As a blog of Chinese traditions in the modern context, it becomes unbearably obvious and imperative that the issue of the June 4 incident be addressed. As we enter the 20th year since the failed democratic demonstration movement, and although China has come a long way to what it is today, lest us forget the long and painful process of this development.
The student movement of 1989 had a vision of equality and freedom of expression, with the causus temporalis as to have the government retract a statement on an editorial, printed on the People’s Daily on April 26, 1989 “a small segment of opportunistic people [students]” plot on unrest [rather than commemorating the death of Hu Yaobang], and took to the streets of Beijing. The proactive spirit of university students and their sense of mission is to be honoured, and should be a role model to us all, especially those who are at their early-20s and studying to become the pillars of the nation.
Mistakes and mis-decisions, regardless of who makes it, must bear upon the consequences of its result. The People’s Republic today has undoubtedly adapted to the people much more than had there been no student movement in the late spring, early summer of 1989, and the people have become today less adamant on the forms of state than its effectiveness and solving matters of practicality. However, there is no group more sensitive to the issues of the people than the people themselves, and the “Mandate of Heaven” for any state is to “obey the Heavens and agree with the people”. Lest we the people silence ourselves, and indulge in personal gain over the sight of greater good and natural justice.
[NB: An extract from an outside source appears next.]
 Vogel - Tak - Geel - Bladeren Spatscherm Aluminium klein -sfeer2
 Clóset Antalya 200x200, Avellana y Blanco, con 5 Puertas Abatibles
Similarly, the Hanfu movement has started under the pretext of a misportrayal of the Han people and its culture. Wang Letian took to the streets in shenyi and zhaoshan to correct this mistake, and many others are now joining the line as vocalized by him in unison to seek justice over this. In fear of accusing the so-called “Han-chauvinism”, some promoters have taken into promoting it simply as a “beautiful clothing from the past/of the Han ethnic tradition” – to this, my personal statement is simply the following: History is the story of human imperfection, trying to seek a greater good nonetheless. If we have a mistake, we should swiftly correct ourselves. We may have doubts, but if one has to distort truth for the sake of consideration of current situations or benefits, then that is not the Natural truth. Correct it, now!